The Federal Motor Carrier Safety Administration is proposing to increase interstate registration fees by an average of 25% beginning in 2025 for truckers, brokers and other transport companies.
Carriers with fewer than three commercial vehicles could see their Unified Carrier Registration Plan and Agreement fees rise by $9, while the largest fleets — those with 1,0001 trucks or more — could face a $9,000 uptick.

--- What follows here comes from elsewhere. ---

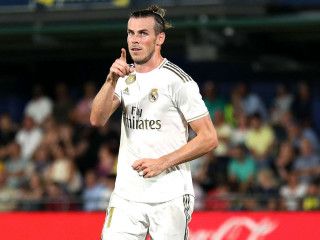 ގެރެތް ބޭލް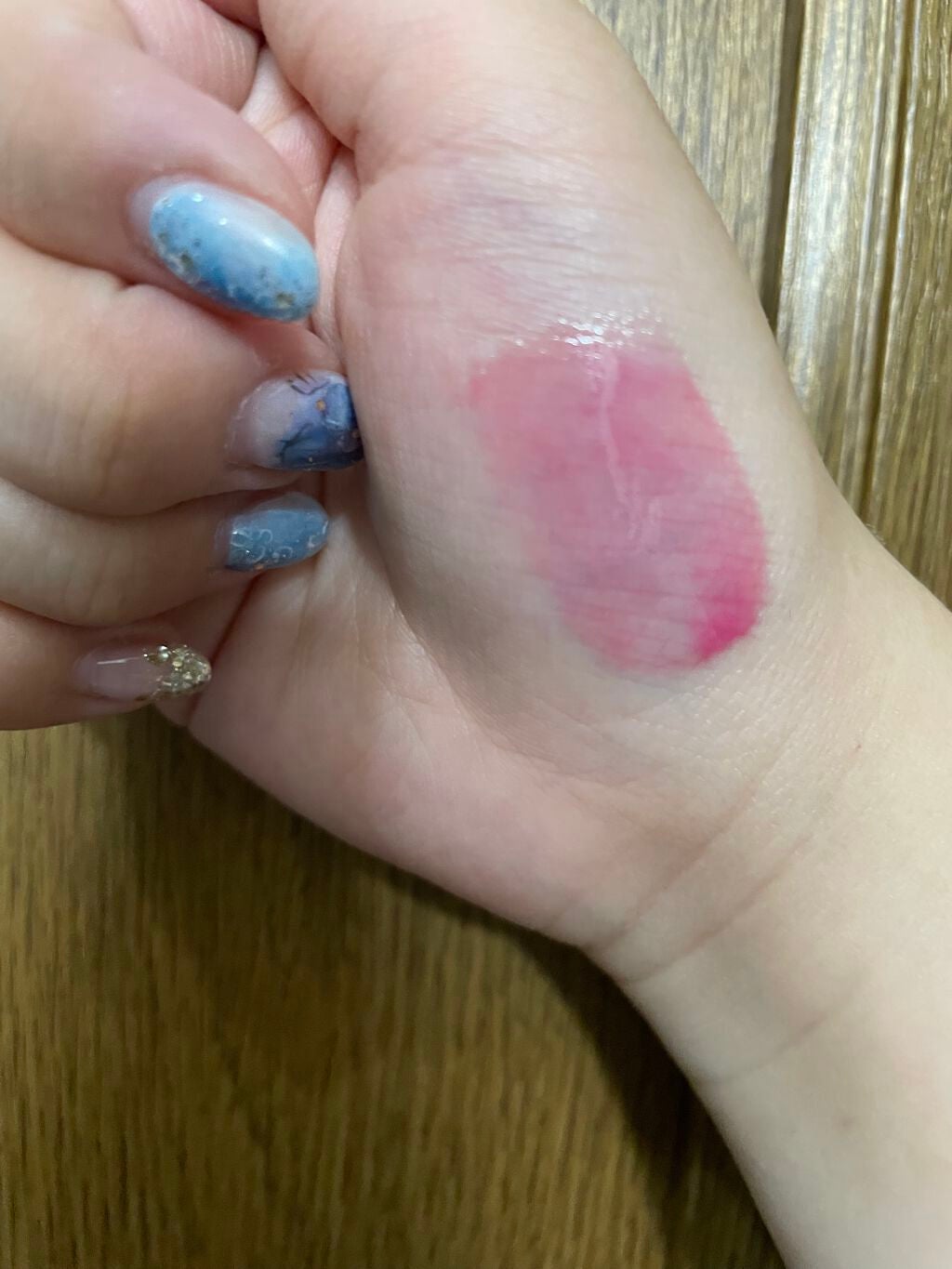 【旧】ディオール アディクト リップ マキシマイザー/Dior/リップグロスを使ったクチコミ(2枚目)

The UCR Plan recommended in September to increase the fees, FMCSA said, pointing to the UCR’s board of directors, which consists of representatives from state transportation departments as well as trucking and bus industries. The board also holds a slot for the FMCSA deputy administrator or a Department of Transportation official.
Current and proposed registration fees per entity
Number of units in a fleet | 2024 current rate | 2025 proposed rate |
---|---|---|
0–2 | $37 | $46 |
3–5 | $111 | $138 |
6–20 | $221 | $276 |
21–100 | $769 | $963 |
101–1,000 | $3,670 | $4,592 |
1,001 and above | $35,836 | $44,836 |
SOURCE: FMCSA notice of proposed rulemaking.

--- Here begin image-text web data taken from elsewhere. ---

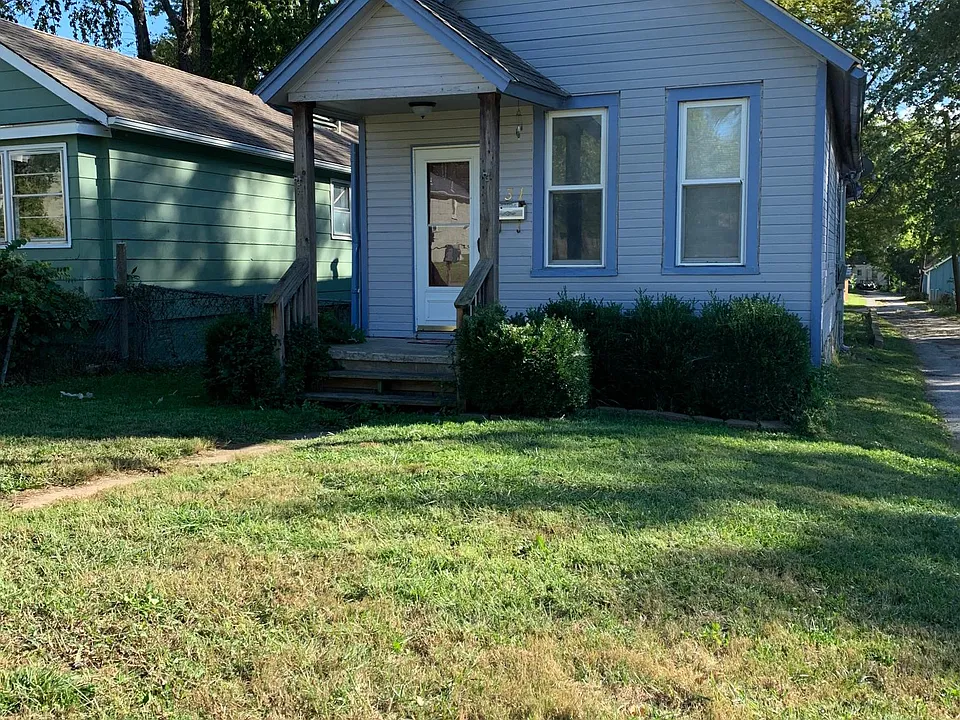 831 Kiowa St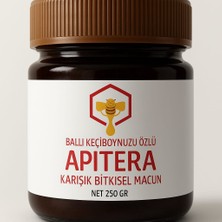 Hay Şifa Apitera Macun – Doğal Arı Ürünleri ile Enerji ve Bağışıklık Desteği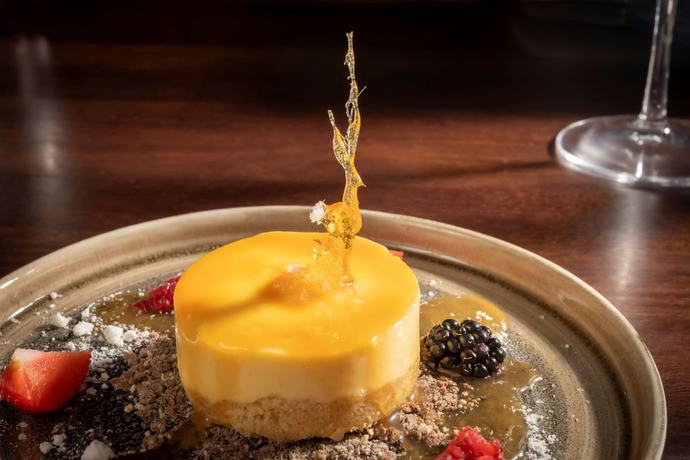 Imagen del bar/restaurante del Hotel Maldron Hotel Liverpool City. Foto 8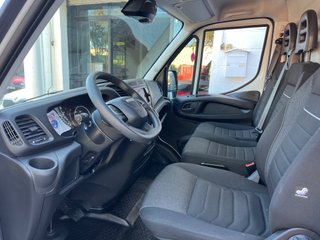 Iveco Daily 35S18H A8 V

The agency called the increase “unavoidable” and “anticipated,” saying it was the result of fee reductions in the past two years.
Those reductions — about a 9% decrease this year and a 31% drop on average in 2023 — were due to a statute that caps the annual collection of registration fees at $107.8 million, plus administrative costs.

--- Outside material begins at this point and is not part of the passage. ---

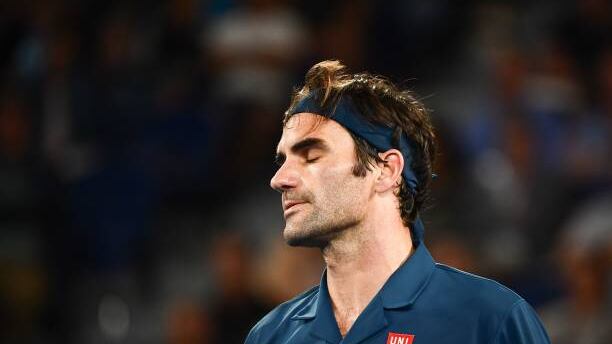 Federer abdica davvero Tsitsipas è il nuovo dio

The program allows states to capture a minimum amount of revenue each year from a board-set level of funding.
The fee applies to motor carriers, brokers, freight forwarders and leasing companies across 41 states in the program.
The pending notice appeared in the Federal Register on Monday. The official version, scheduled for one day later, triggers a 30-day comment period.